Proof-of-concept for rare metabolic disorders 

To treat MMA, Moderna developed an investigational treatment called mRNA-3705. The company is testing the safety and effectiveness of administering mRNA-3705 through an IV to make functional methylmalonyl-coenzymes in MMA patients with MUT deficiency aged one year and up in the Landmark study. 

Treatment studies for propionic acidemia (PA) are also progressing at Moderna. Similar to MMA, PA is a rare disorder of organic acids marked by the lack of an enzyme called propionyl-CoA carboxylase (PCC), which is needed to break down proteins and fats. The Paramount Study for PA is a lot like the Landmark Study for MMA in that it looks at the safety and effectiveness of mRNA-3927, an IV mRNA therapeutic, to make a proper PCC enzyme. 

Along with these uncommon organic acid disorders, Moderna is also investigating GSD1a. A lack of a protein involved in sugar metabolism makes GSD1a patients regularly have low blood sugar and build up glycogen in certain organs and tissues, mostly the liver. Moderna’s LNP technology can effectively treat this condition. Moderna is testing mRNA-3745 in the Ba1ance Study to see if a single IV infusion can rebuild GSD1a’s ability to break down glycogen, raise blood sugar, and stop people from eating starch.   

“We’ve started to see what we believe is proof of concept across all three different programs with substantial reductions in metabolic decompensation events and reductions in markers,” said Holen. 

“It’s exciting and I think that we feel confident that this platform works for rare diseases. Now, the challenge is that there are 1,500 different inborn errors of metabolism. I am not sure we will mount 1,497 more programs, but we could, and the sky’s the limit of what we do next. And so, we’re excited to move this platform into other rare diseases where we can further impact patient lives.”  

Beyond the liver  

Moderna also does research and development on mRNA technology, including which sequences to use, how to make those sequences stable, and diverse ways to manipulate mRNA. They also focus on mRNA delivery, mostly through LNPs. Holen praises his colleagues who wake up every morning “thinking about how to make a better LNP. It means we can make novel discoveries and rapidly improve the technology with that intense hyperfocus on LNP.” 

A fitting example of a new advancement in Moderna’s LNP technology is an inhalable LNP that’s being used to develop a cystic fibrosis (CF) program in collaboration with Vertex Pharmaceuticals

“People think that making an inhaled LNP with an mRNA that can be stable, be delivered into the lungs, and get through all that mucus that CF patients have into the cells to create CFTR would just be a small step from the LNPs that we have today,” said Holen. “It was not a small step.
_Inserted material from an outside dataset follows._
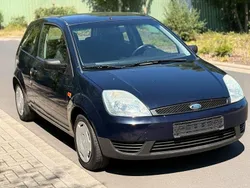 Blau Gebraucht 2004 Ford Fiesta Kleinwagen | 1.799 €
It was a huge undertaking, and it makes me beam with pride to work with people who can figure this out, make it happen, and get this to patients.”  

“We’ve already started dosing CF patients in clinics,” said Holen. “This is the year that we’ll figure out if mRNA can help CF patients, so I’ve got my fingers crossed that it will have good data.” 
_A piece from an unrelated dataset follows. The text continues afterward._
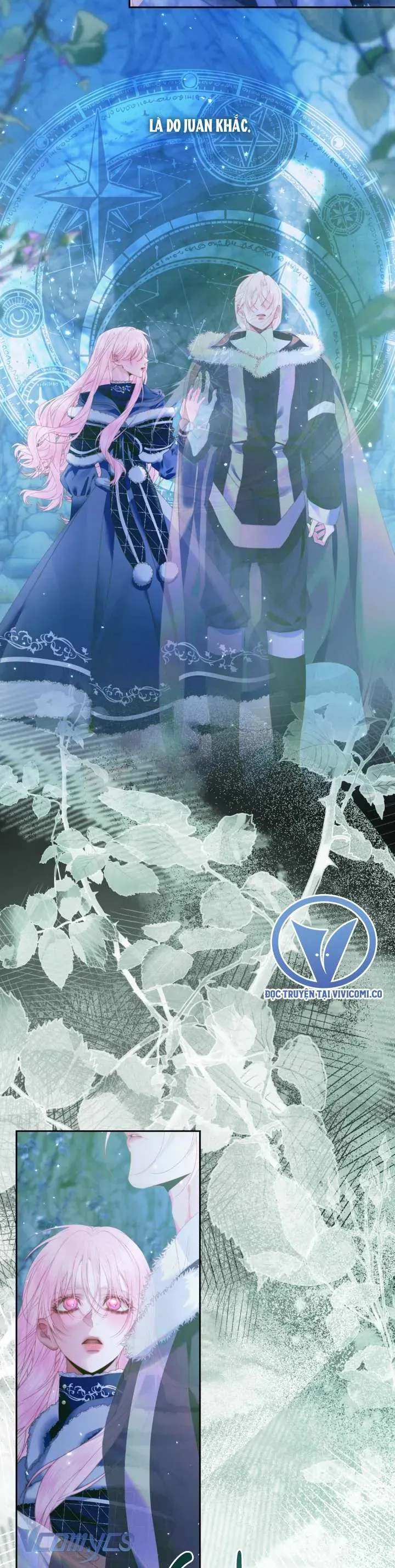 Trở Thành Cô Vợ Khế Ước Của Nhân Vật Phản Diện - Chapter 150 - Page 9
Moderna’s LNP research extends beyond inhaled and liver-directed forms. Holen said that Moderna is constantly looking for new ways to target other tissues and has ongoing business development efforts to find other technologies that other companies are developing. 
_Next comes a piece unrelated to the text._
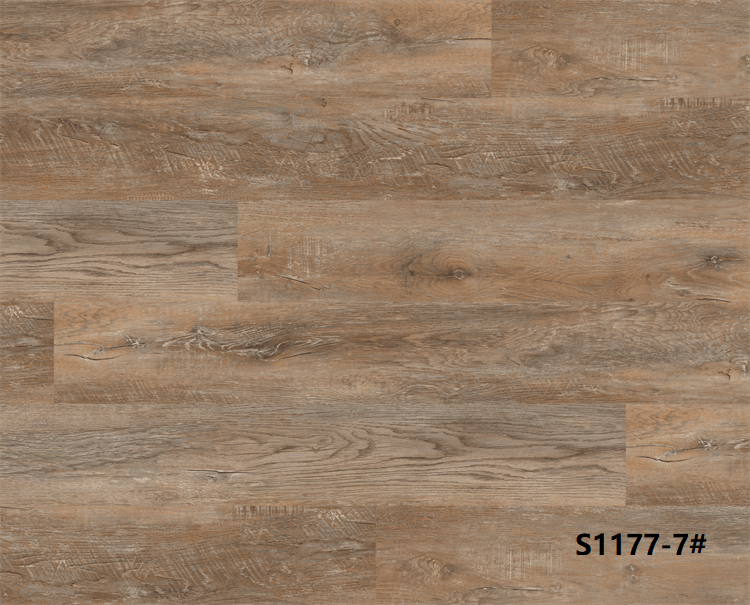 S11-1177# / EIR Wood Series / Lifeproof LVT Flooring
Fighting mRNA misconceptions 

According to Holen, there are a lot of misperceptions about RNA and a lack of education about what mRNA is, and that extends to all levels of people we talk to, even clinical trial investigators sometimes. “It’s been a while since they’ve thought much about mRNA and certainly aren’t familiar with LNP and the technology, so why might it not be useful for people with rare diseases of the muscle or the neurons,” said Holen. “We have a lot of education to do, and we’re happy to do it.” 

According to Holen, one of the main misperceptions is that people lump mRNA in with gene editing. As mRNA is self-limited and has a short half-life inside the cell—briefly to manufacture protein before being degraded—there are no changes to the patient’s DNA and likely no long-term side effects. 

But the effort is worth it, according to Holen, who has said he can’t wait for the next rare disease patient story he gets to hear being treated with Moderna’s mRNA therapeutics.